Math is not robust in the broader physical sense.
Math may be extremely even perfectly provably robust within it's close-world domain of logic but to the extent that there are any discrepancies between the selected math and the selected physical system, the results of all that math may be logically correct and practically wrong.
Yeah, what did mathematicians ever do for us?
I love math and fully appreciate that mathematicians do a lot for us. It's just that math is a hammer -- very hard and powerful if one has nails but not always useful in every situation.
A lot of this discussion reminds me of the difference between using analytic or PDE methods in quant finance versus using brute force simulation methods. If the underlying system can be defined in nice analytic functions then maybe analytic/PDE methods have a chance of producing extremely robust and elegant proofs of results. But if the underlying system has complex nonlinearities in the dynamics of the underlying or in the pay-off, then simulation might be the only possible hope for some sort of estimate (but without the robustness of the math approach).
Looking at the stochastic gradient descent (https://en.wikipedia.org/wiki/Stochasti ... nt_descent
) from the standpoint of feasibility of using pure math, I can't help but think that math will only work for restricted subsets of loss functions and variants of the algorithm.
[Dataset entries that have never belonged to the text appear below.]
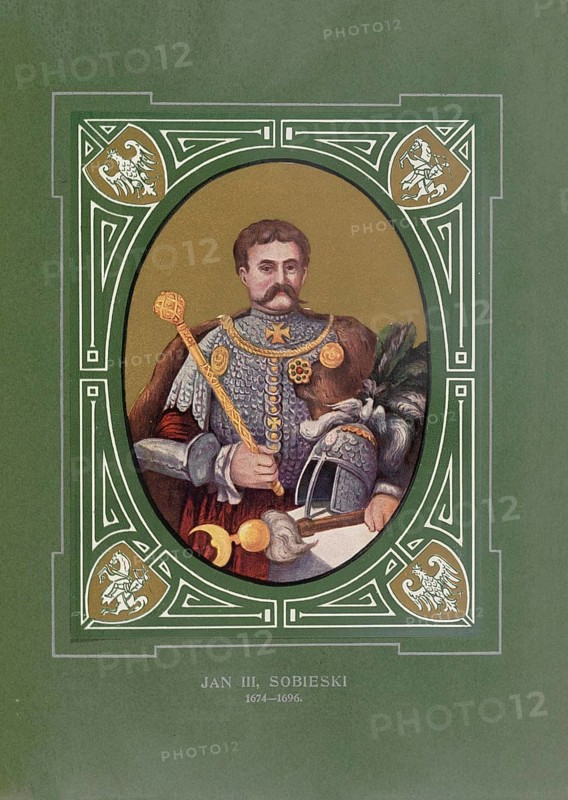 John III Sobieski, Jan III Sobieski, (born August 17, 1629 in Olesko, died June 17, 1696 in Wilanów) was a Polish aristocrat, statesman, grand hetman and from 1674 as King of Poland and Grand Prince of Lithuania the elected ruler of the Poland-Lithuania state from the Sobieski noble family, illustration, reproduction of a model from the 19th century. Authentic, file restored for optimal use, exact date of original unknown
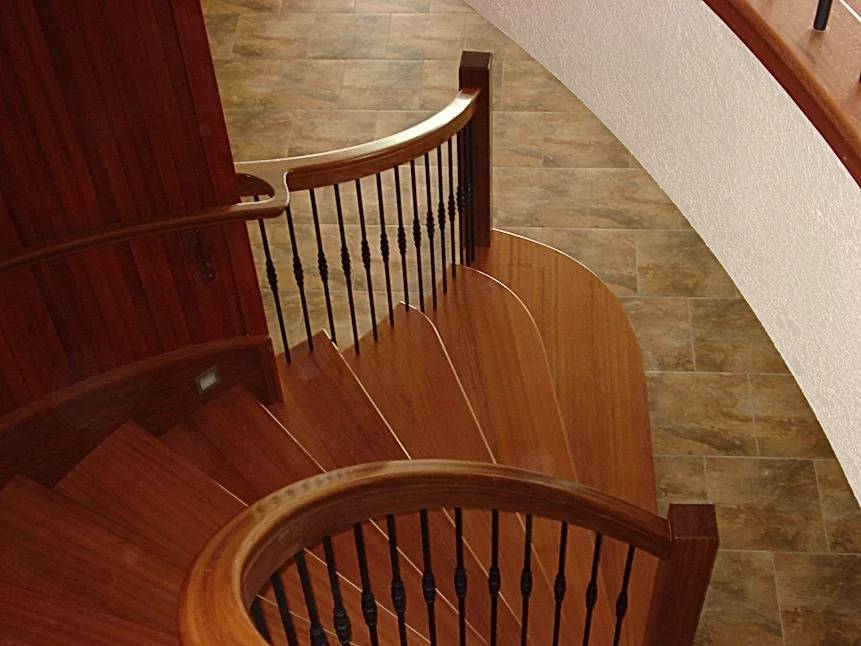 curved staircase cherry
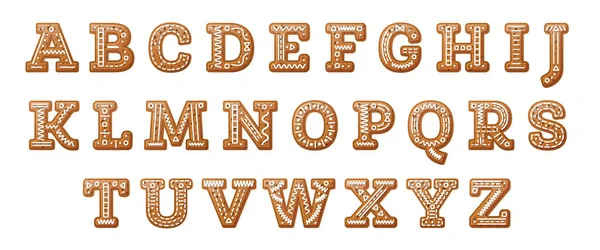 Gingerbread Cartoon Alphabet Isolated White English Letters Vector Illustration Christmas — Stock Vector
For example, maybe if we restrict the loss function to be a polynomial and we restrict the stochastic gradient descent algorithm to one of the simpler variants (e.g., averaging), then theorems and proofs about performance might be possible. But what if most real-world loss functions are not polynomials and numerical testing finds that one of the more complex variants of stochastic gradient descent does a much better job at DL? We're faced with a choice between: A) an inapplicable and inferior stochastic gradient descent system for which we have proof of robustness versus B) an applicable and empirically superior stochastic gradient descent system that lacks a mathematical foundation. Picking A is like drunk who looks for his keys near the lamp post because the light is better even if the keys are certainly not there.
Maybe neural nets are not nails and pure math is unlikely to create useful results even if math can often produce very elegant results in many other domains.
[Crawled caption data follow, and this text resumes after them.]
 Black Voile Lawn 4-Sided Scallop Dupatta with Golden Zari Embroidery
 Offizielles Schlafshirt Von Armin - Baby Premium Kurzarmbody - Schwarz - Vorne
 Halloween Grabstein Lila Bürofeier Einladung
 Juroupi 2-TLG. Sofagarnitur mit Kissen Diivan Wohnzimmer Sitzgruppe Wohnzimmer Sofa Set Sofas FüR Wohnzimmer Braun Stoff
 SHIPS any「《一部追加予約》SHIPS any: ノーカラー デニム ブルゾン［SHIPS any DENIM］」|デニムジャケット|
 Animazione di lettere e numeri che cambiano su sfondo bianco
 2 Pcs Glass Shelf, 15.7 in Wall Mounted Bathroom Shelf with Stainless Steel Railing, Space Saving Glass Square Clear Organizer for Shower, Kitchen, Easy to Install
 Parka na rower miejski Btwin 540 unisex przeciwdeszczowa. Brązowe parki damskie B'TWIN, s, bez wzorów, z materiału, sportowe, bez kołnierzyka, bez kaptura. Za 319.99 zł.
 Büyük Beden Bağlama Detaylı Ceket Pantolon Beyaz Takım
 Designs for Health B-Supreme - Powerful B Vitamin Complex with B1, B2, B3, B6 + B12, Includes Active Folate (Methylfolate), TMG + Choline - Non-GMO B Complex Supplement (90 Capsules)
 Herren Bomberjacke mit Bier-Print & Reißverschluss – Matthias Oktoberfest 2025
P.S. Evolution is full of adversarial examples. If you are a bee, your little neural net with only a 5000-pixel image needs to decide if this is a nice nectar snack or a death trap:
P.P.S. A second order question is to determine whether a given DL application really contains true adversarial examples and whether the system has any hope for dealing with them. If the sensory input of a adversarial example can be statistically indistinguishable from the sensory input of the target of the adversarial example, then there's nothing DL can do to solve the problem.